Votation du mois de mars 2024: la majorité des cantons n’ont que le programme fédéral à proposer au souverain. Parmi les douze cantons proposant également un scrutin cantonal, c’est Genève qui présente le programme le plus copieux, avec huit objets. Le fait est que les citoyens du bout du lac ont régulièrement à se prononcer sur davantage de sujets que le reste de la Suisse.
Avec des référendums facilités dans les domaines de la fiscalité et des droits des locataires et un nombre de signatures nécessaires pour l’aboutissement des initiatives et référendums récemment revus à la baisse, il est facile de passer par le peuple, lorsque l’on n’a pas réussi à convaincre le parlement.
Si l’on peut se réjouir de voir notre démocratie si vivante, cette profusion de votations n’a pas que des avantages
Stéphanie Ruegsegger
De plus, Genève est un des rares cantons où les députés au Grand Conseil peuvent déposer eux-mêmes des projets de loi et autres textes parlementaires. Cette grande liberté est bien connue de nombreux groupes et entités désireux de faire entendre leurs voix. Ils sollicitent très régulièrement les élus pour que ceux-ci portent leurs messages. Le dialogue est intense entre élus et citoyens. La démocratie fonctionne donc à plein régime. Et cela sera encore plus facile désormais, puisque le souverain a accepté dimanche une nouvelle diminution du nombre de signatures.
Si l’on peut se réjouir de voir notre démocratie si vivante, cette profusion de votations n’a pas que des avantages. Le Conseil d’Etat genevois lui-même estimait dans la brochure consacrée aux votations cantonales «au nom des institutions et de leur bon fonctionnement, que l’exercice des droits politiques pourrait être banalisé, voire galvaudé, s’il était trop facile d’accès». Pour la population, entre un objet lié à l’aménagement, un autre de nature fiscale ou encore une réforme sociale, maîtriser les enjeux peut s’avérer un exercice difficile. A moins d’un vrai investissement en temps, l’information peut se limiter à des slogans réducteurs. Pas certain dans ce cas que la démocratie en sorte gagnante.

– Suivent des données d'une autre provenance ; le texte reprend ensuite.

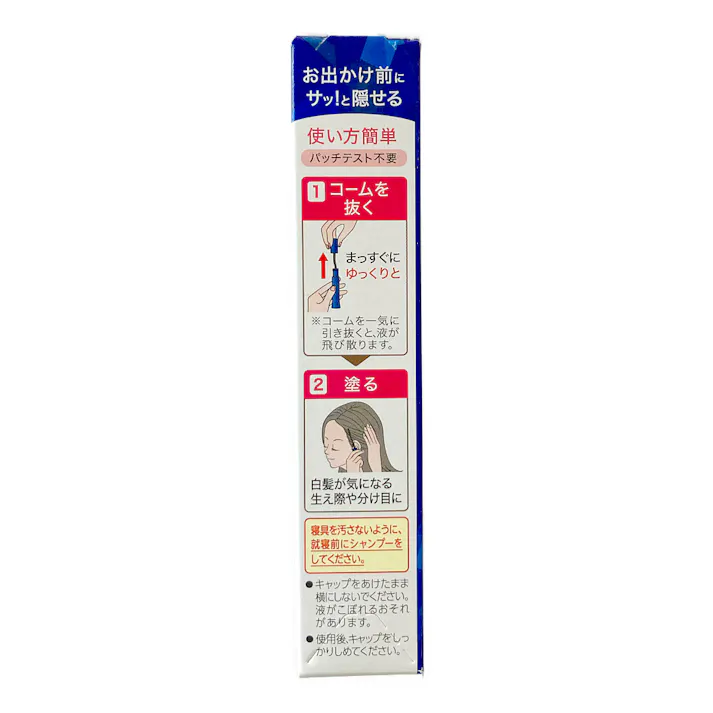 ホーユー ビゲン ヘアマスカラ ダークブラウン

De plus, ces votations multiples peuvent potentiellement freiner le bon fonctionnement de nos institutions. Il sera désormais plus facile de lancer des initiatives sur des objets de nature plus individuelle que collective. Aujourd’hui, certains préfèrent déjà utiliser cet instrument pour traiter de conflits qui devraient être réglés par la voie procédurale ordinaire. Et la facilitation du référendum permet de retarder l’entrée en vigueur de certaines lois.
Rendre la démocratie accessible est une bonne chose. Mais celle-ci ne doit être l’instrument d’une petite minorité, qui en abuse pour alourdir et obstruer le bon fonctionnement des institutions.